From the line holding "New coming lovely" through the line holding "Kuminen iskunkestävä kotelo" below, write out every line exactly; include both of those lines and drop the pictures.

▶ _Records provided_
----------

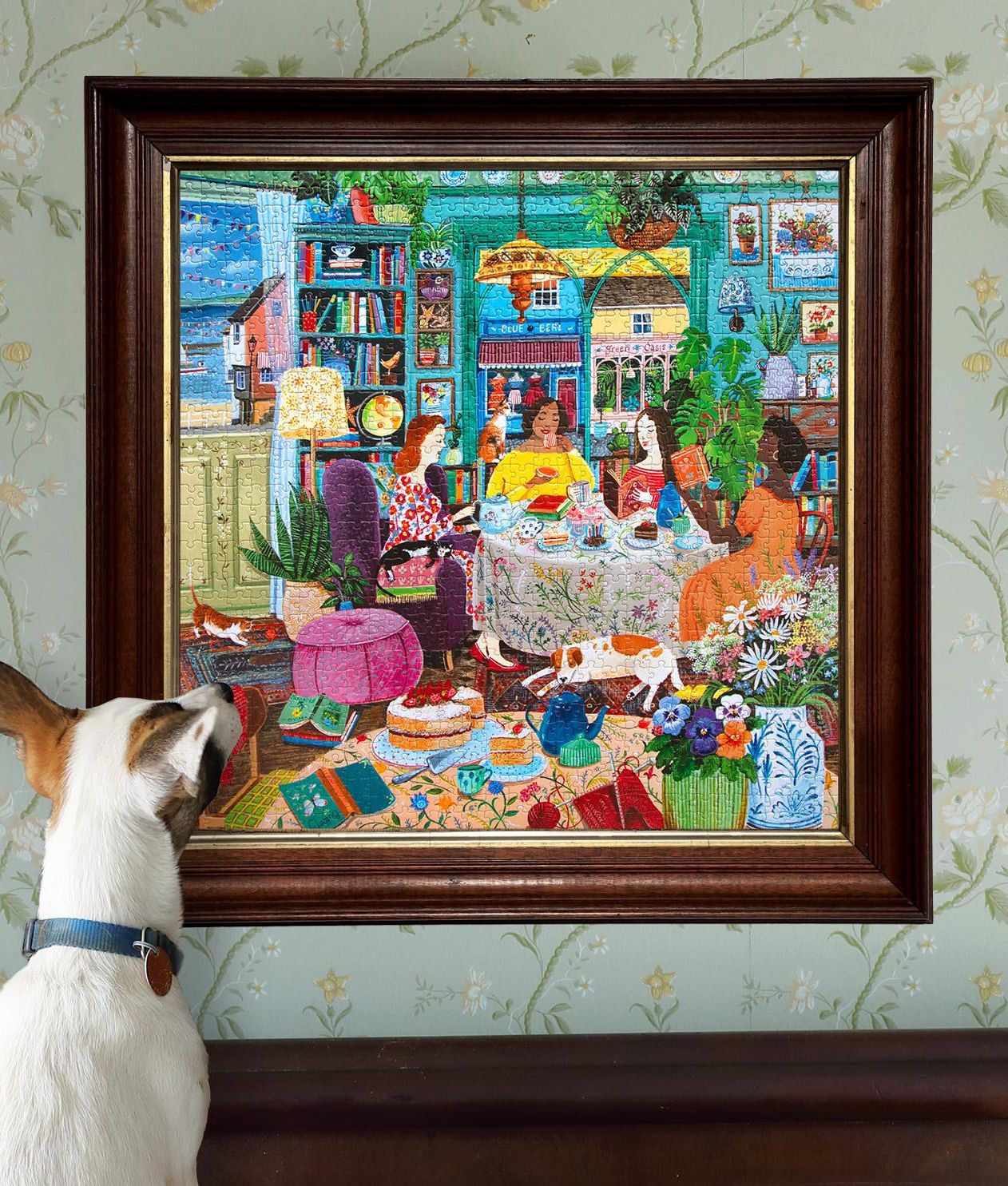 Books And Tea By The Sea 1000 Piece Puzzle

----------

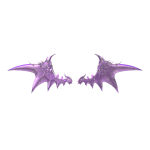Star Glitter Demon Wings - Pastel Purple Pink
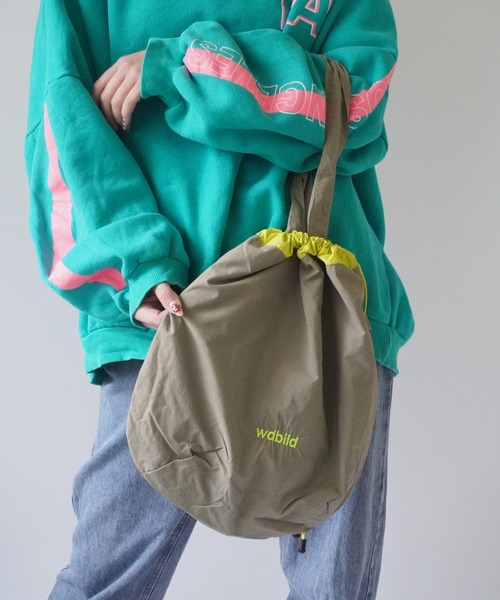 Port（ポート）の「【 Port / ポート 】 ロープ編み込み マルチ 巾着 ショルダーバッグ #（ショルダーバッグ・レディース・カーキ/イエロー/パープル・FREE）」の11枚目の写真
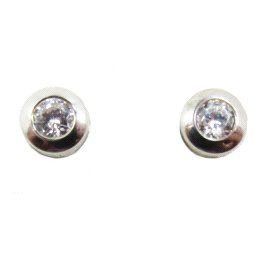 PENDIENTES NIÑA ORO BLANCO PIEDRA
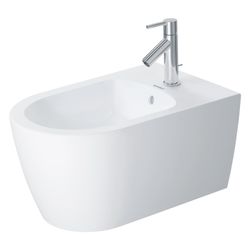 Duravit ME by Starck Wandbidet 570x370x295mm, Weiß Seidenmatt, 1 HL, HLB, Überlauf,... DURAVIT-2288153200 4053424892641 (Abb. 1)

----------

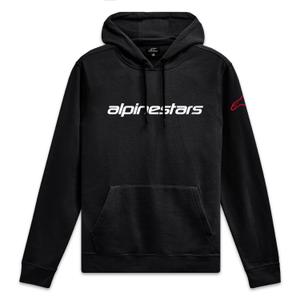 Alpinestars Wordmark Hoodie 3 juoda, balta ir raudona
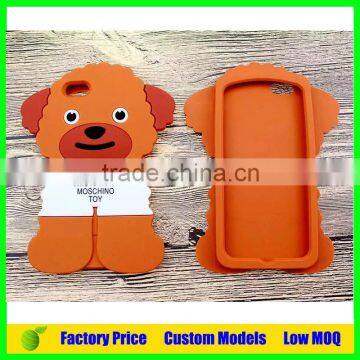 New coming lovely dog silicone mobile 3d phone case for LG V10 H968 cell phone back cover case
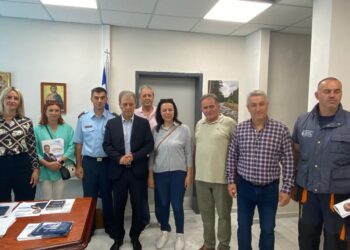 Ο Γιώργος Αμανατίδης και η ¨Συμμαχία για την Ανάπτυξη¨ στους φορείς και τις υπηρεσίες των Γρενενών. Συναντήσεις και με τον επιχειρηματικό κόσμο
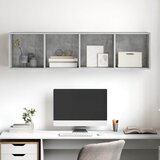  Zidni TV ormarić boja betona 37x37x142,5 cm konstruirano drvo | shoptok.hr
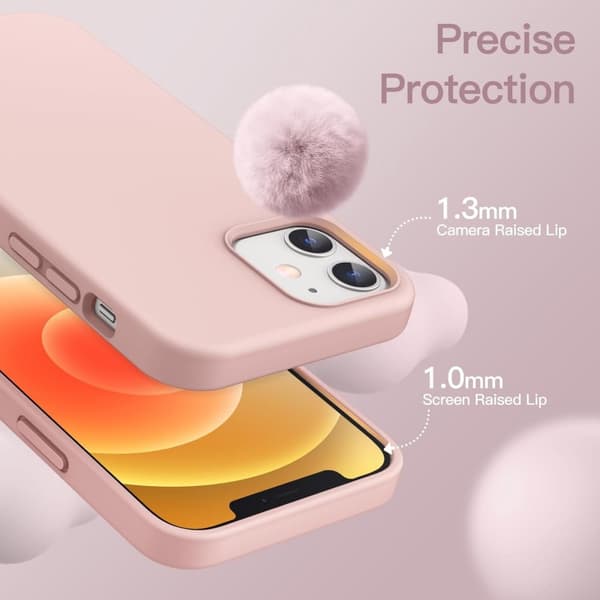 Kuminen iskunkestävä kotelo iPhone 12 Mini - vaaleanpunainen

----------

▶ _Output below_
 New coming lovely dog silicone mobile 3d phone case for LG V10 H968 cell phone back cover case
 Ο Γιώργος Αμανατίδης και η ¨Συμμαχία για την Ανάπτυξη¨ στους φορείς και τις υπηρεσίες των Γρενενών. Συναντήσεις και με τον επιχειρηματικό κόσμο
  Zidni TV ormarić boja betona 37x37x142,5 cm konstruirano drvo | shoptok.hr
 Kuminen iskunkestävä kotelo iPhone 12 Mini - vaaleanpunainen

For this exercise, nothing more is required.